Une main tendue « de circonstance » qui, au niveau du symbolisme et de la date (28 février), n’aura probablement pas échappé à Pékin. Il y a précisément 16 ans, le 27 février 2009, la désespérance de la population tibétaine face à l’autisme de Pékin se manifestait de la manière la plus effroyable possible avec la première immolation d’un moine tibétain (à Amdo Ngaba, du monastère Kirti) – une main tenant une photo du dalaï-lama, l’autre un drapeau tibétain (en réponse « à l’oppression du gouvernement chinois ») ; 156 autres suivront jusqu’à ce jour, sans émouvoir les cercles du pouvoir, ces derniers préférant répondre en criminalisant la pratique désespérée de l’immolation…
Certes, quand le 3 mars, depuis Genève, le Haut-Commissaire des Nations unies pour les droits de l’homme V. Türk fait état de ses « sérieuses préoccupations » quant à la situation des droits de l’homme en Chine (au Tibet, au Turkestan oriental-Xinjiang et à Hong Kong), on fronce naturellement les yeux du côté de Pékin. Tout particulièrement quand, à la tribune de la 58e session du Conseil des droits de l’homme, V. Türk fustige – en insistant sur la situation de la région autonome du Tibet – les restrictions à la liberté d’expression, de religion et de croyance, en déplorant les politiques éducatives sinisantes portant délibérément atteinte à la culture et à l’identité tibétaines.
« Si la situation tibétaine reste sans solution, il est logique que je (re)naisse en exil »

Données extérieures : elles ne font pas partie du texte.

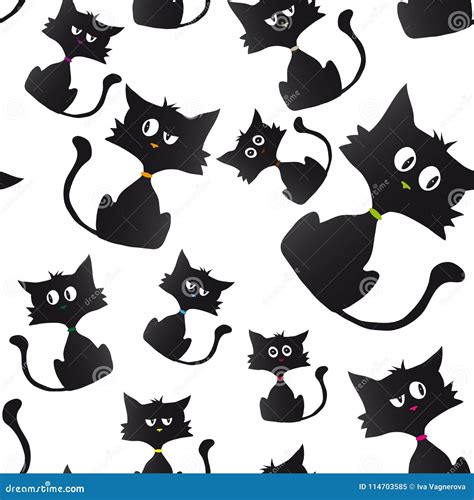 Black Cat Cartoon Sample Background Stock Vector - Illustration of ...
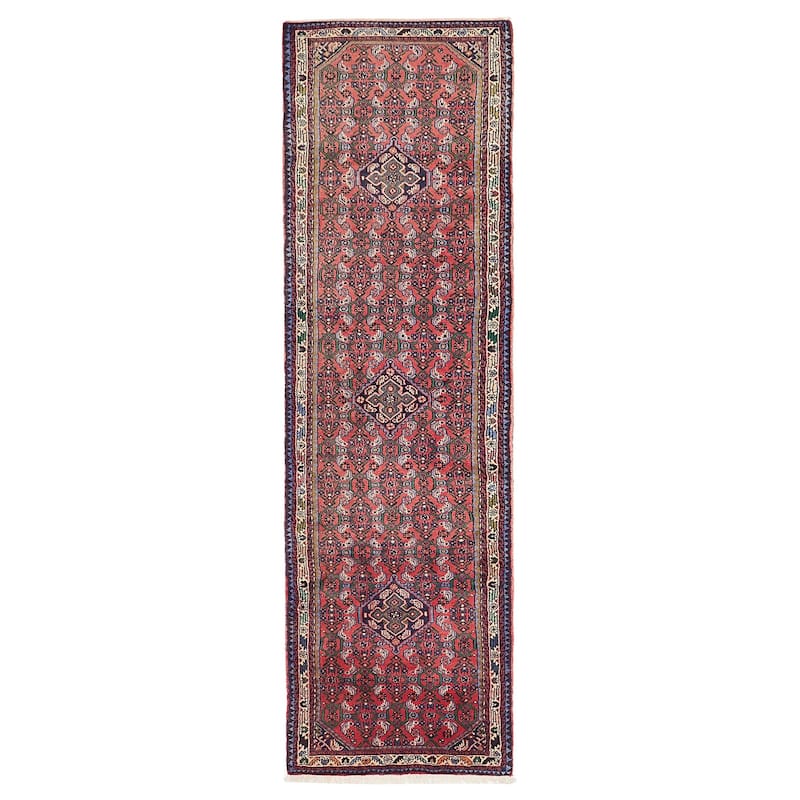 ECARPETGALLERY Hand-knotted Andelz Red Wool Rug - 2'11 x 9'8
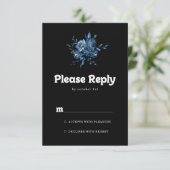 ロイヤルネイビーブルーの花のRSVP 出欠カード (スタンド正面)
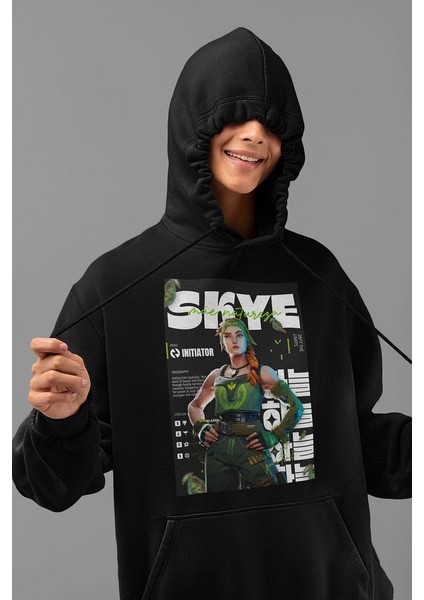 Oyun Karakteri Baskılı Unisex Hoodie, Oversize Skye Sweatshirt fiyatları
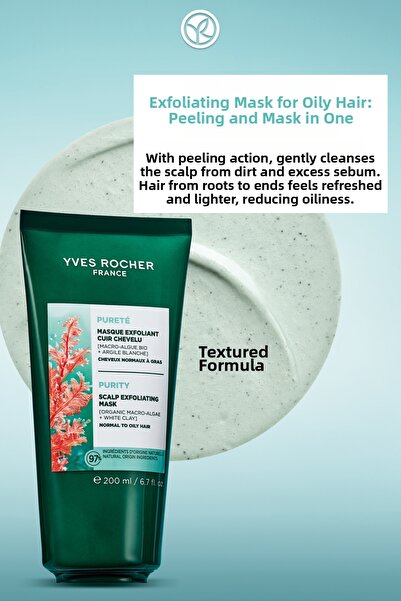 Yves Rocher Hair Peeling and Mask That Purifies Hair with Fluid Cream and Par...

Les autorités chinoises, loin d’applaudir une telle salve de critique onusienne, font contre mauvaise fortune bon cœur, en se félicitant que jusqu’alors, aucune (re)mobilisation contestataire tibétaine n’ai été détectée. En particulier en cette année spéciale qui, à compter du 6 juillet 2025 (et pour les douze mois qui suivront), célébrera le 90e anniversaire du 14e dalaï-lama, dans la ferveur que l’on devine au sein de la communauté tibétaine.
Alors même que ce dernier laisse entendre qu’autour de cette date, elle aussi éminemment symbolique, pourrait être annoncée de sa voix le détail relatif à la préparation de sa succession. Une thématique elle aussi des plus sensibles pour les autorités centrales chinoises qui ont d’autres projets fort différents quant à la désignation du futur 15e dalaï-lama, ne ménageant ni leur peine, moins encore de scrupules, pour tenter de s’approprier le processus de sélection de la réincarnation.
Mais l’entreprise pékinoise, certes contestable, ne prend aucunement l’intéressé par surprise : « Si la situation actuelle du Tibet reste inchangée, je (re)naîtrai en dehors du Tibet, loin du contrôle des autorités chinoises. C’est logique. Le but même d’une réincarnation est de poursuivre l’œuvre inachevée de l’incarnation précédente. Ainsi, si la situation tibétaine reste sans solution, il est logique que je (re)naisse en exil pour poursuivre mon œuvre inachevée. Bien sûr, les Chinois choisiront toujours leur propre dalaï-lama et nous, les Tibétains, choisirons le nôtre selon la tradition. Ce sera similaire à la situation actuelle du panchen-lama. Il y a un panchen-lama nommé par les Chinois et il y a le panchen-lama que j’ai choisi. L’un est exhibé pour servir les intérêts de son maître et l’autre est le panchen-lama accepté dans le cœur de tous les Tibétains » (The Indian Express, 5 mars 2025). On ne saurait mieux dire.